Caption-style text data
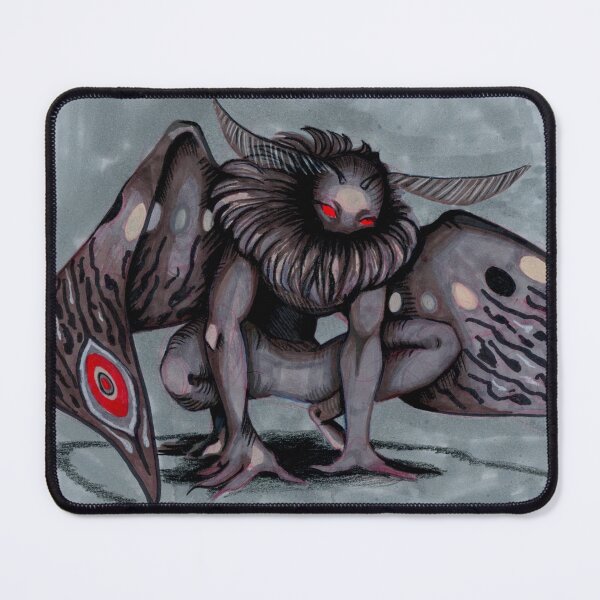 Item preview, Mothman designed and sold by Kristen Castro.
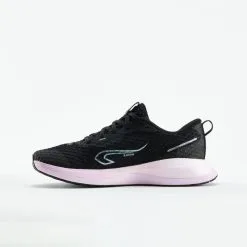 Zapatillas Running Mujer - KIPRUN KD500 2 Negro Malva 9 Zapatillas Running Mujer - KIPRUN KD500 2 Negro Malva -tienda de equipos de fitness zapatillas running mujer kiprun kd500 2 negro malva 2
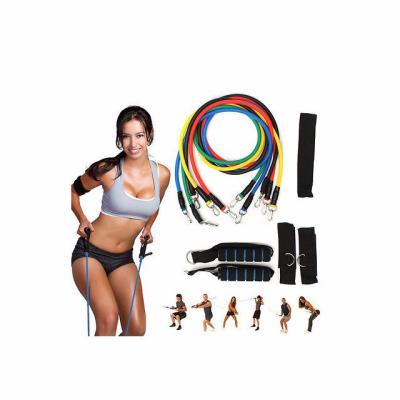 China Eco Friendly Eco Friendly Pull Up Tubing Band Exercise Resistance Bands Tubes Latex for sale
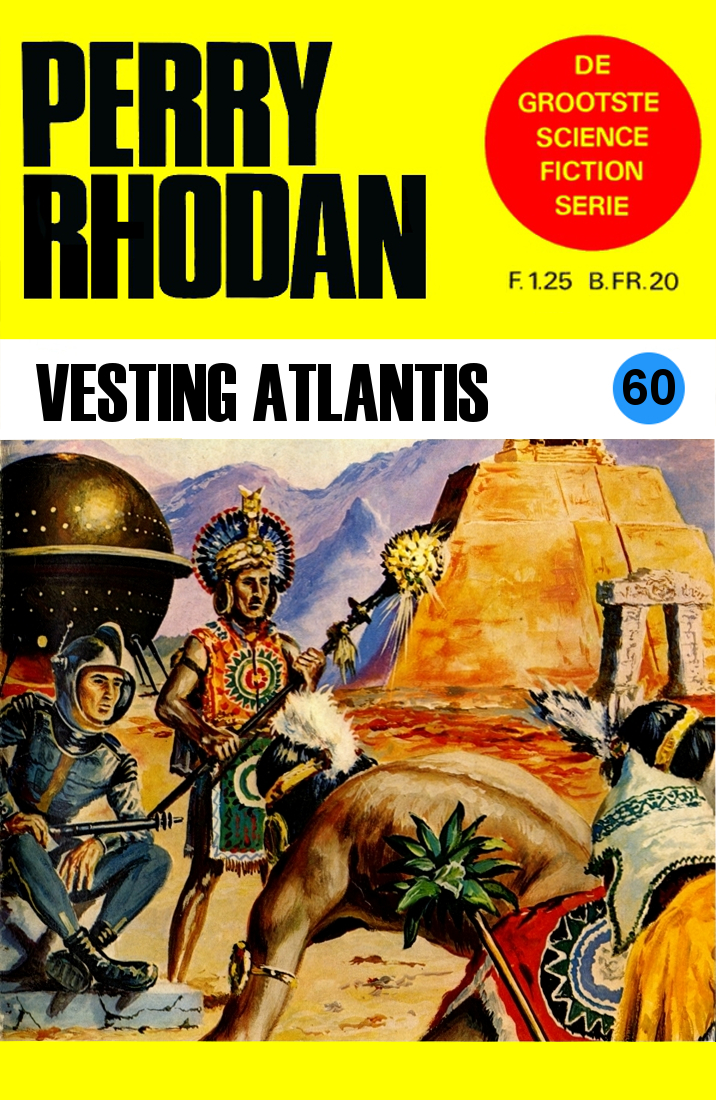 Perry Rhodan 0060 - Vesting Atlantis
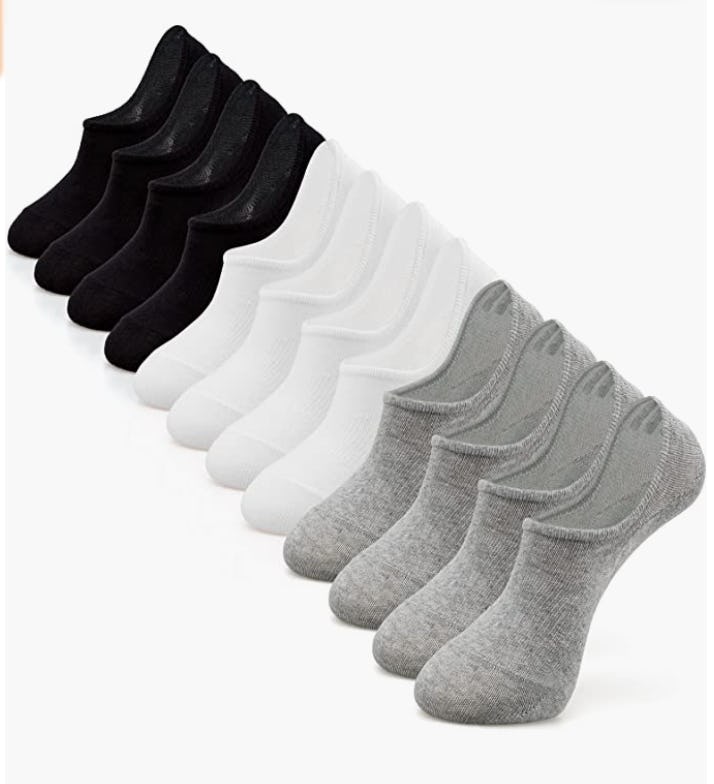 IDEGG No Show Socks (6 Pairs)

Problem details
Your answer must be the exact lines from the one containing "Perry Rhodan 0060 - Vesting Atlantis" through the last line of the records above, with both included and no pictures.

Exercise solution
 Perry Rhodan 0060 - Vesting Atlantis
 IDEGG No Show Socks (6 Pairs)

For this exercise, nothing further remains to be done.